Short descriptive text snippets
-------------------------

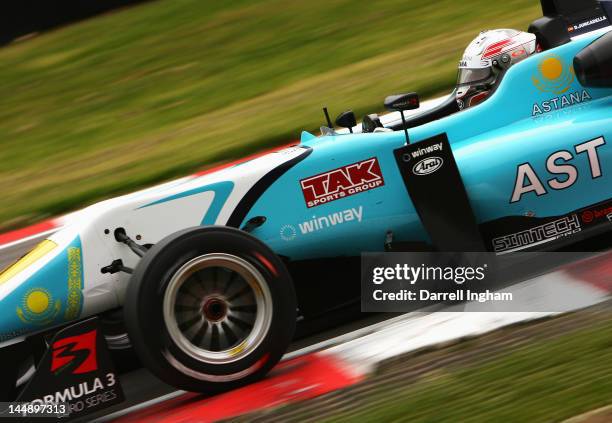 Daniel Juncadella of Spain drives the Prema Powerteam Dallara F312 Mercedes during the Formula 3 Euro Series race at the Brands Hatch Circuit on May...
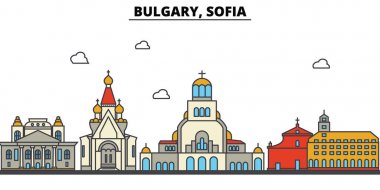 Bulgary, Sofia. Şehir manzarası: mimari, binalar, sokaklar, siluet, peyzaj, panorama, yerler. Düzenlenebilir vuruş. Düz çizgi vektör çizim tasarım. İzole Icons set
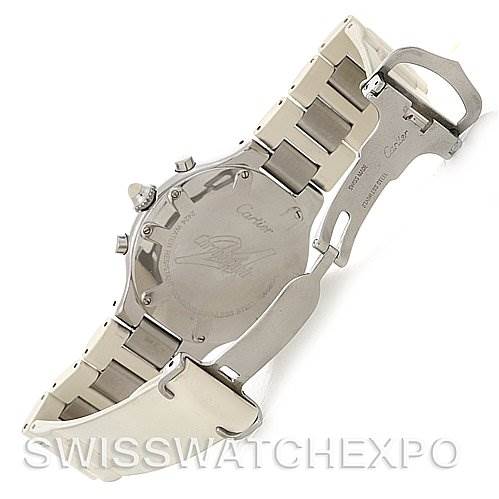 The image shows the back view of the Must 21 Chronoscaph watch by Cartier, highlighting its case back and bracelet clasp.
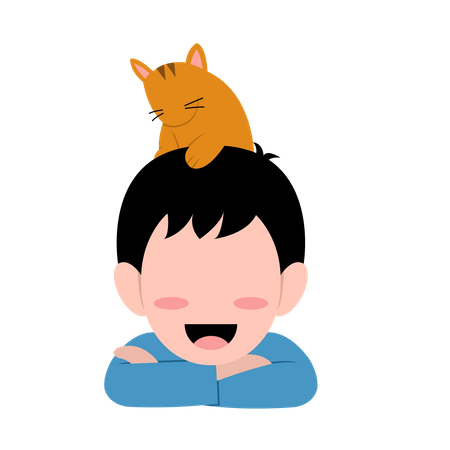 Boy With Cat Illustration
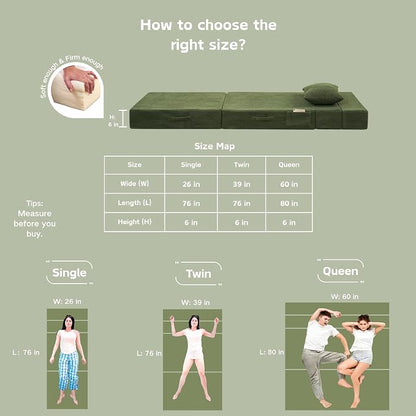 Folding Sofa Bed, 4 in 1 Convertible Sleeper Chair with Pillow, Single Memory Foam Fold Out Chair Bed, Modern Floor Futon Sofa Couch Mattress for Living Room/Guest/Apartment, Green | Convertible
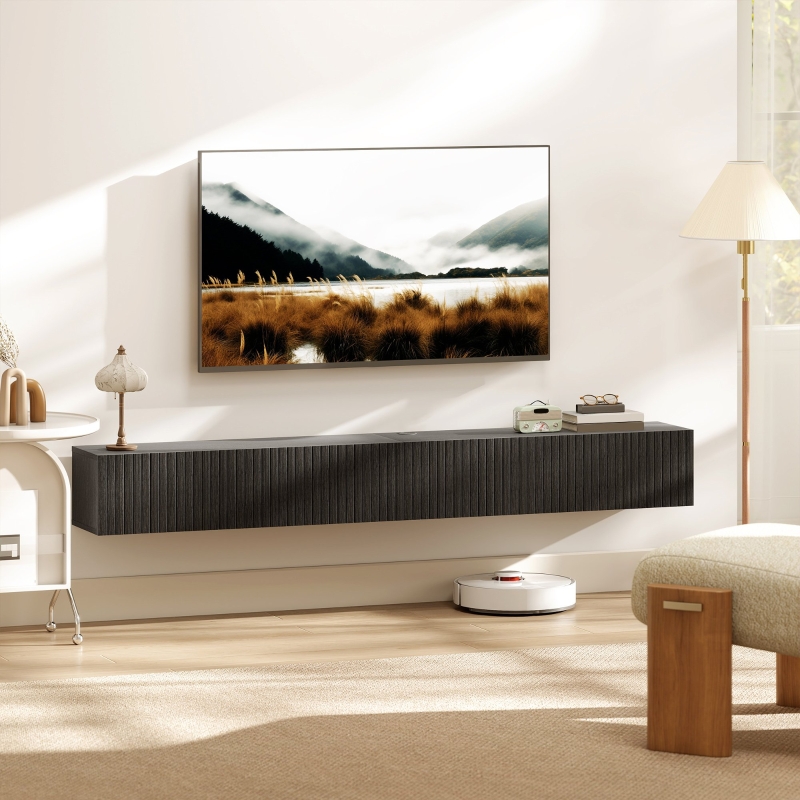 HOMCOM 71" Floating TV Stand for TVs up to 72 Inch, Wall Mount Media Console with 2 Fluted Flip-Down Doors, Cable Hole, Black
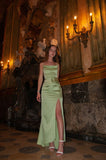 Simple A Line Straps Sage Green Slit Prom Dress HZ1022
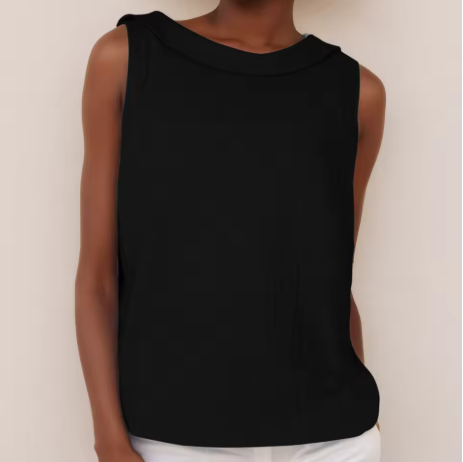 Women's Sleeveless Roll Collar Elegant Top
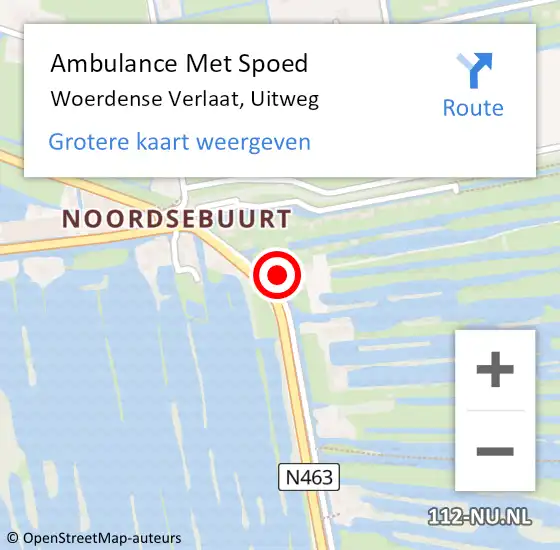 Locatie op kaart van de 112 melding: Ambulance Met Spoed Naar Woerdense Verlaat, Uitweg op 11 mei 2016 14:33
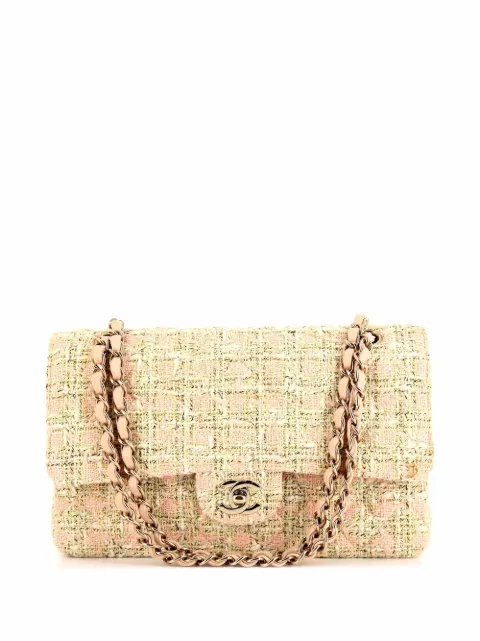 CHANEL Pre-Owned 2006 tweed CC logo shoulder bag Pink 375197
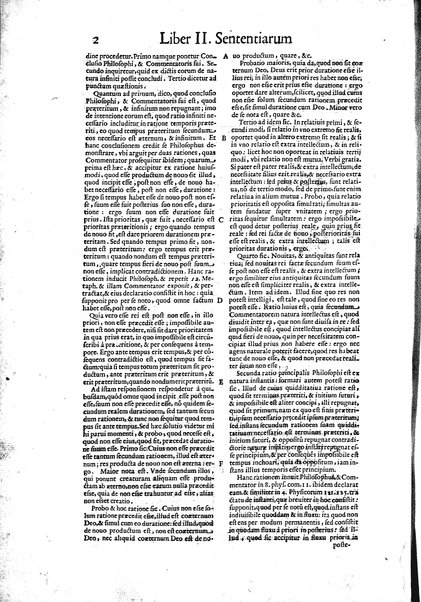 2: Commentariorum in secundum librum sententiarum tomus secundus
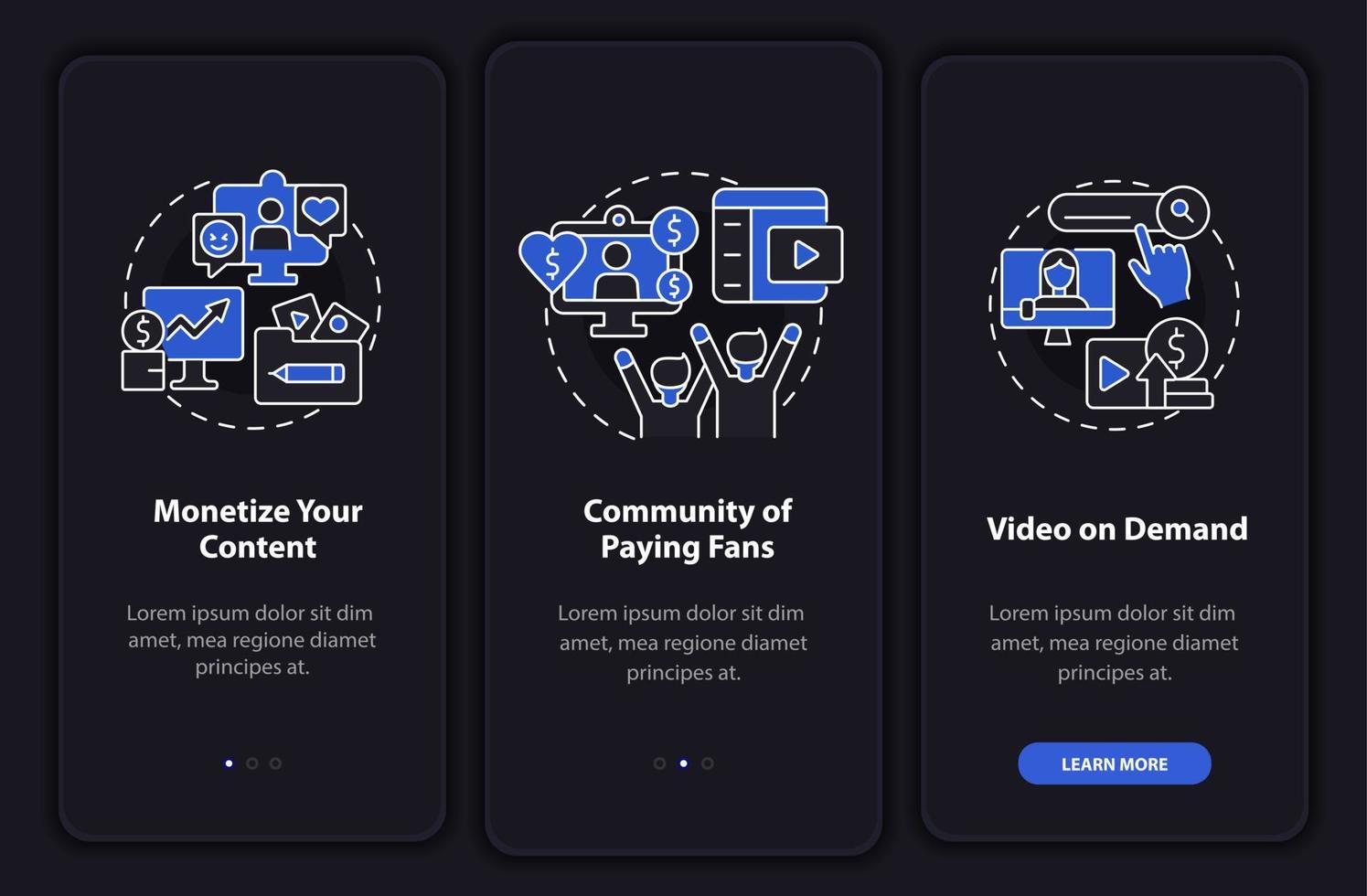 Guadagna denaro dalla modalità notte di abbonamento onboarding schermo dell'app mobile. procedura dettagliata 3 passaggi pagine di istruzioni grafiche con concetti lineari. ui, ux, modello gui. sono stati utilizzati una miriade di caratteri normali in grassetto vettore
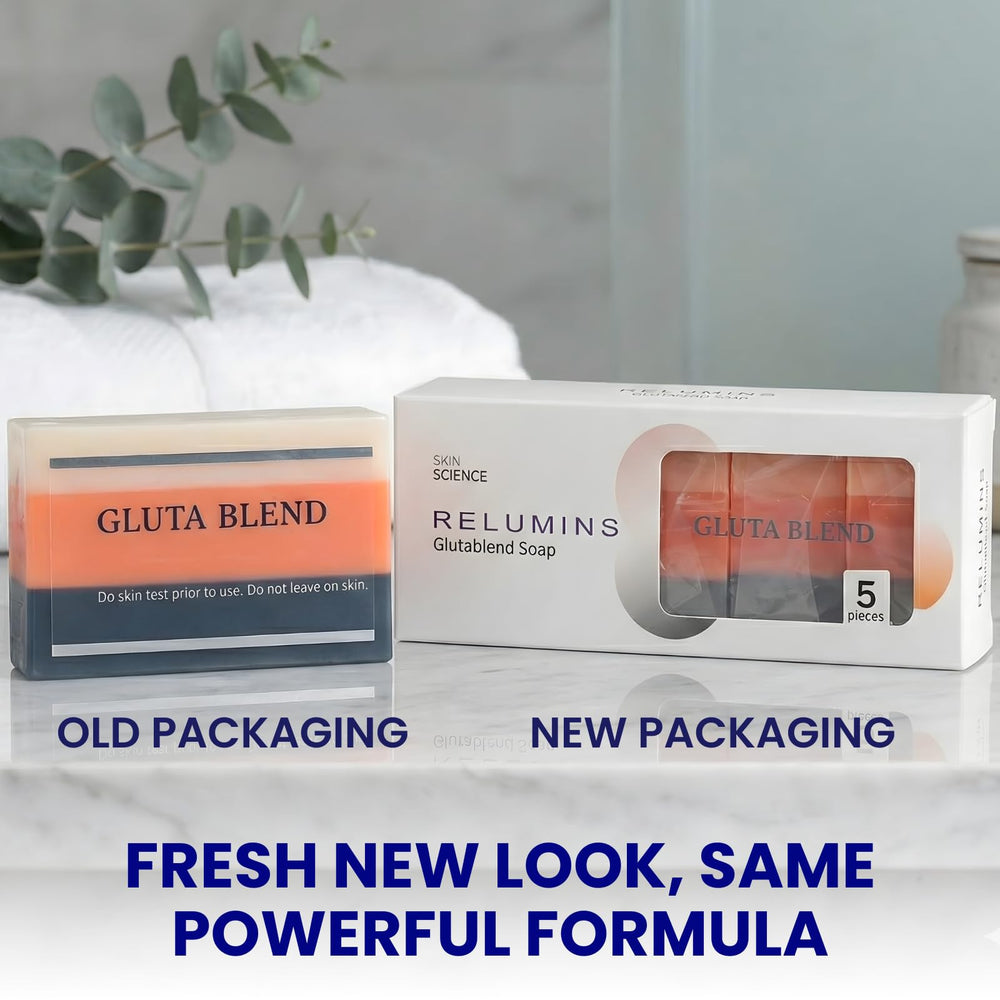 Rosehips infusion label on Relumins Glutablend bar highlights vitamin C nourishment.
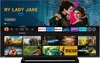 A smart TV displaying a streaming service interface with various movie and TV show thumbnails. Produktbild-Vorschau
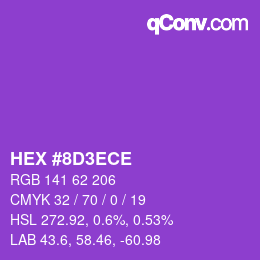 カラーコード: HEX #8D3ECE | qconv.com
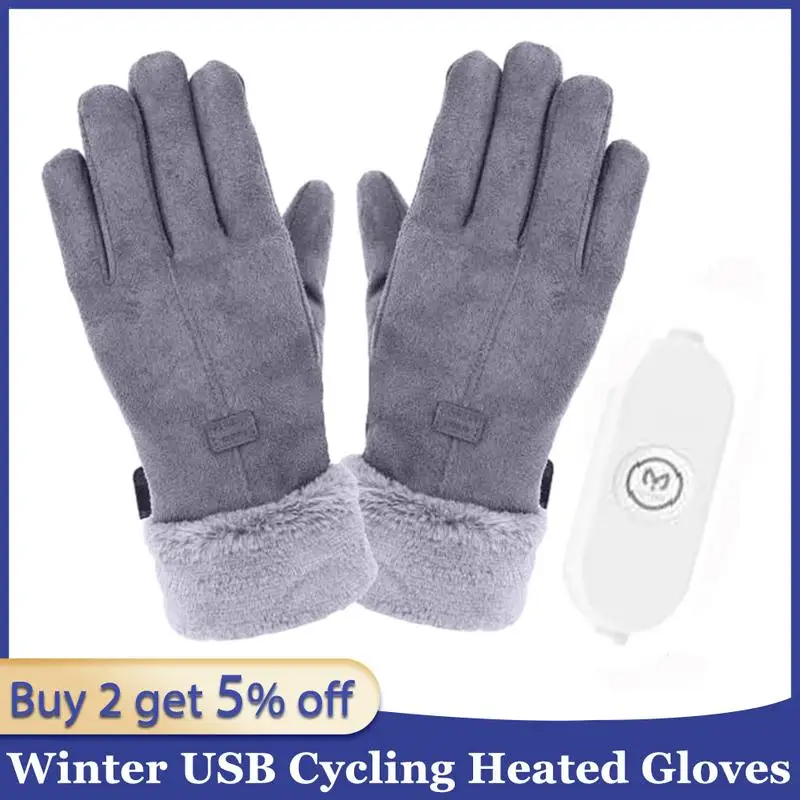 

USB Heated Work Gloves Battery Heated Soft Ski Gloves Soft Heated Gloves Liners Rechargeable Gloves For Running Climbing Riding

-------------------------

In the data above, find the line containing "CHANEL Pre-Owned 2006", then output it and every later line exactly, without the pictures.

 CHANEL Pre-Owned 2006 tweed CC logo shoulder bag Pink 375197
 2: Commentariorum in secundum librum sententiarum tomus secundus
 Guadagna denaro dalla modalità notte di abbonamento onboarding schermo dell'app mobile. procedura dettagliata 3 passaggi pagine di istruzioni grafiche con concetti lineari. ui, ux, modello gui. sono stati utilizzati una miriade di caratteri normali in grassetto vettore
 Rosehips infusion label on Relumins Glutablend bar highlights vitamin C nourishment.
 A smart TV displaying a streaming service interface with various movie and TV show thumbnails. Produktbild-Vorschau
 カラーコード: HEX #8D3ECE | qconv.com

USB Heated Work Gloves Battery Heated Soft Ski Gloves Soft Heated Gloves Liners Rechargeable Gloves For Running Climbing Riding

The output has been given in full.